As to the neutral atmosphere application, I have demonstrated the feasibility of using RO data for tidal studies with my analysis of several-years of CHAMP (a German RO mission) observations. Comparisons between the migrating diurnal tide (i.e., the 24-hour tide that propagates westward with the motion of the Sun) derived from CHAMP RO temperatures and its variation in the tropics between 10 and 30 km with those simulated those simulated by the Global-Scale Wave Model-Version 2002 and the extended Canadian Middle Atmosphere Model showed consistent model and measurement behavior. More importantly, the CHAMP results motivate the follow-on effort to resolve global migrating and non-migrating (i.e., non-Sun-synchronous) tides in the lower and middle atmosphere, as well as their small-scale variations from COSMIC. Such studies were previously impossible because older RO observations had limited local time coverage. Once the six COSMIC satellites are full deployed, COSMIC will provide continuous measurements at all local times.
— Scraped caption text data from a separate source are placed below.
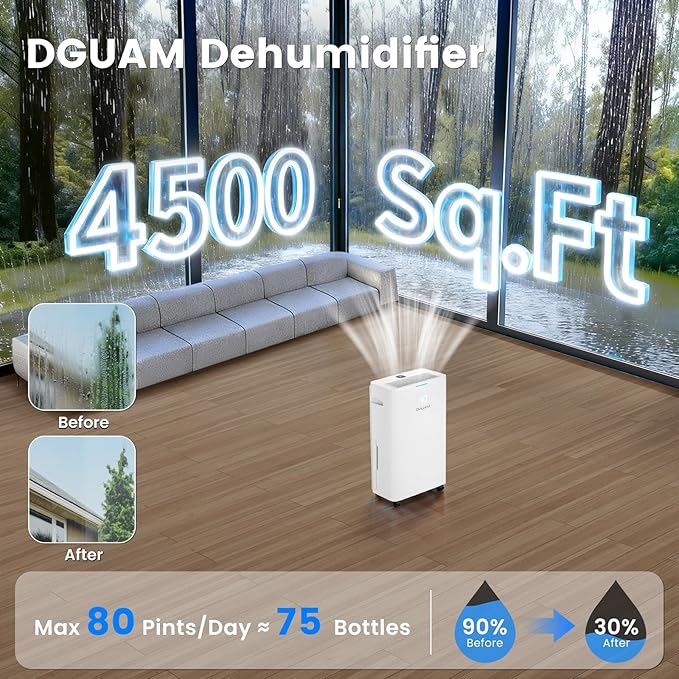 Dehumidifier, Compressor Dehumidifier for Basement 4500 Sq.Ft, Energy Efficient Max 80 Pint/D (Std 60 Pint/D), Smart Humidity Control, Drain Hose, 42dB Quiet & Auto Defrost, for Home, Bedroom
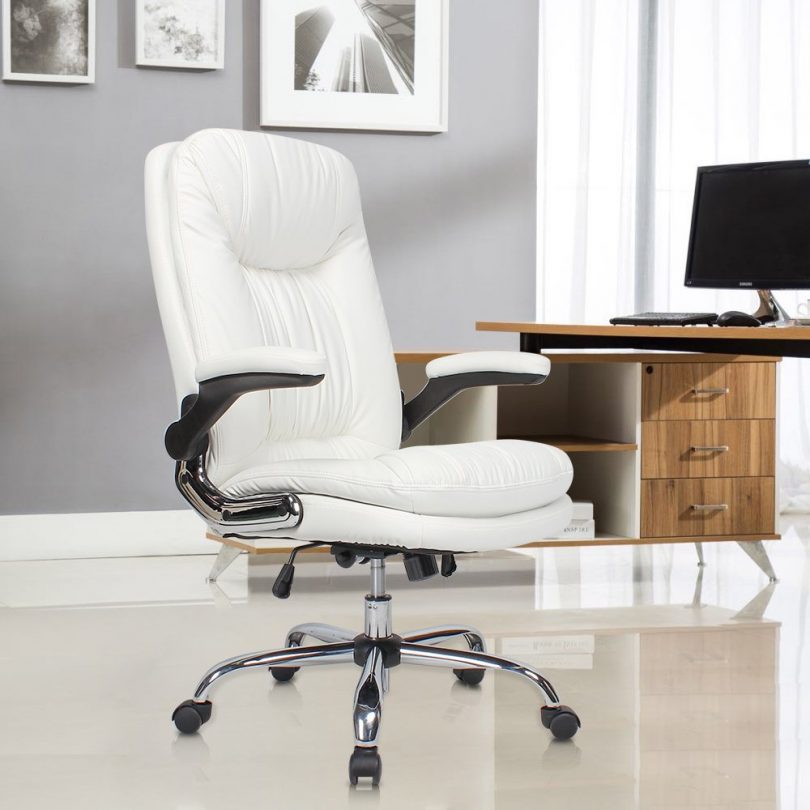 YAMASORO Ergonomic Office Chair with Flip-Up Arms and Comfy Headrest PU Leather High-Back Computer Desk Chair Big and Tall Capacity 330lbs White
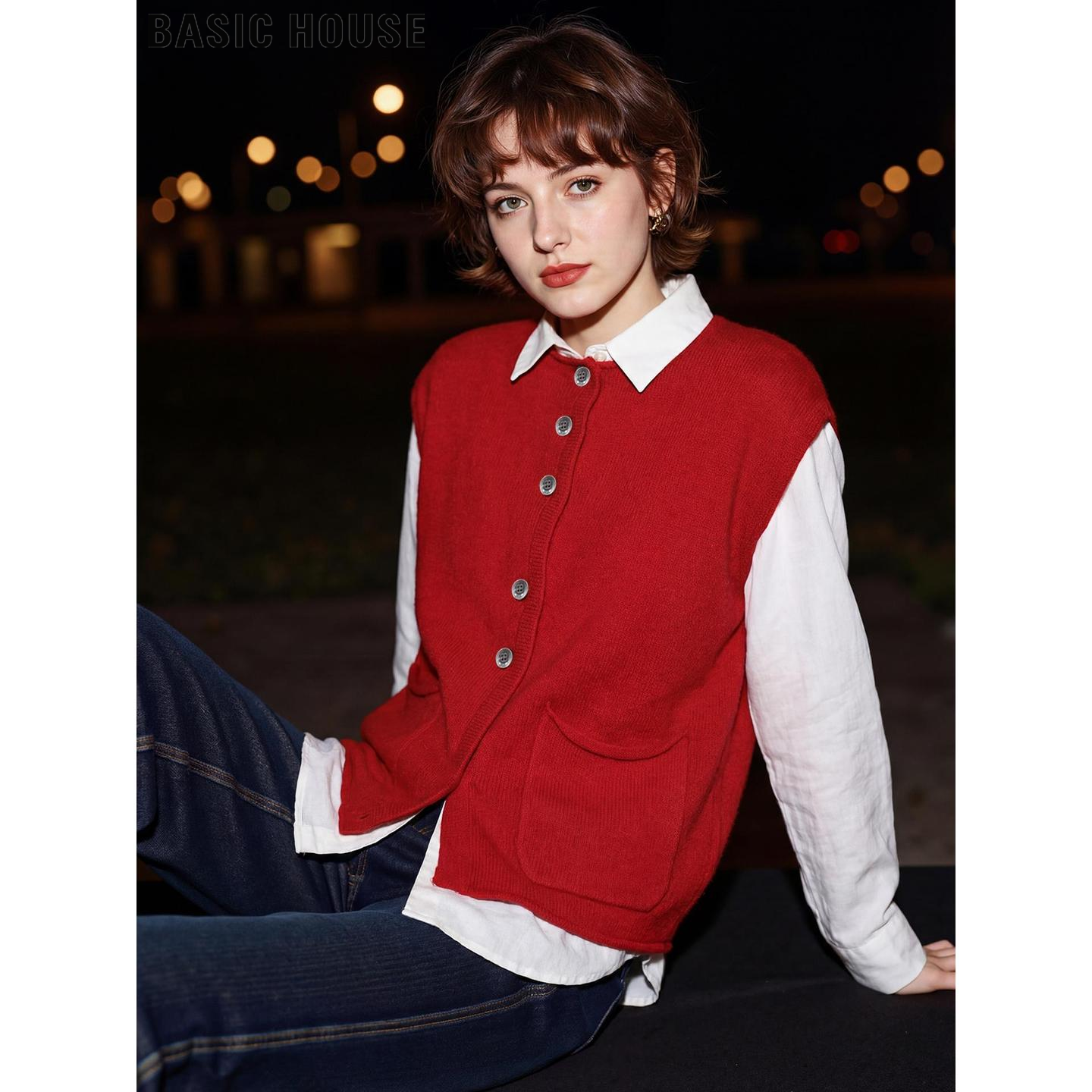 Basic House/百家好红色羊毛针织马甲背心女2026春季新款叠穿开衫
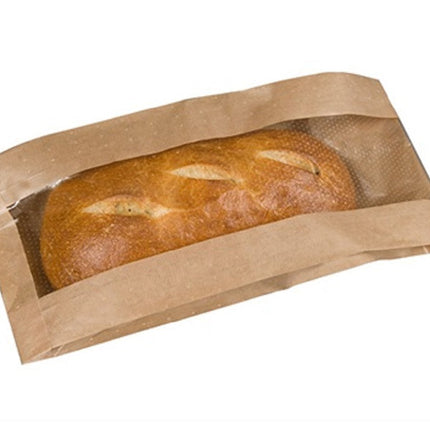 Delux Cello Window Bread Bag, Kraft, 6" X 4" X 12", 1000/Case-B2B Discounters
Because the fundamental RO observation is a measurement of time, it is well suited for climate monitoring with its long-term stability. Though it is still too early to look for a climate signal from the past and ongoing RO observations, they are also very useful to access the quality of the observations from other sensors like the Microwave Sounding Unit (MSU) and advanced MSU (AMSU) that fly on different NOAA satellites. In collaboration with other scientists at NCAR, I converted CHAMP temperatures between 8 and 25 km to equivalent MSU/AMSU lower stratospheric brightness temperature (Tb) and compared these to the MSU/AMSU Tb derived from both Remote Sensing System Inc. and University of Alabama at Huntsville . It is found that the MSU/AMSU retrievals in the Antarctic LS in winter were biased high relative to the GPS RO measurements.
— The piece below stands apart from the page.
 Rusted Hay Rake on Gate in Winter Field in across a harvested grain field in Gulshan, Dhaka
The GPS RO technique also provides a new opportunity to investigate the structure and variation of the ionosphere, and to evaluate and improve numerical ionospheric models. I compared the values of maximum F-region density (NmF2) from the Global Assimilation Ionospheric Model (GAIM) with the early COSMIC observations, and has found good agreement in both the magnitude and distribution of NmF2. Improvement to ionospheric RO retrievals remains a major challenge for the RO technique. The traditional retrieval method assumes local spherical symmetry of the ionosphere, which is far from reality because of the existence of significant ionospheric horizontal gradients plus the length of the ray path. I am attempting to find a better way to solve the problem through assimilating the GPS slant total electron content (including the ionospheric horizontal gradient information) but not vertical electron density observations using an artificial neural network (ANN) method. Preliminary test results demonstrate the feasibility of this scheme. The next step is to test the extent of possible correction as a function of temporal resolution.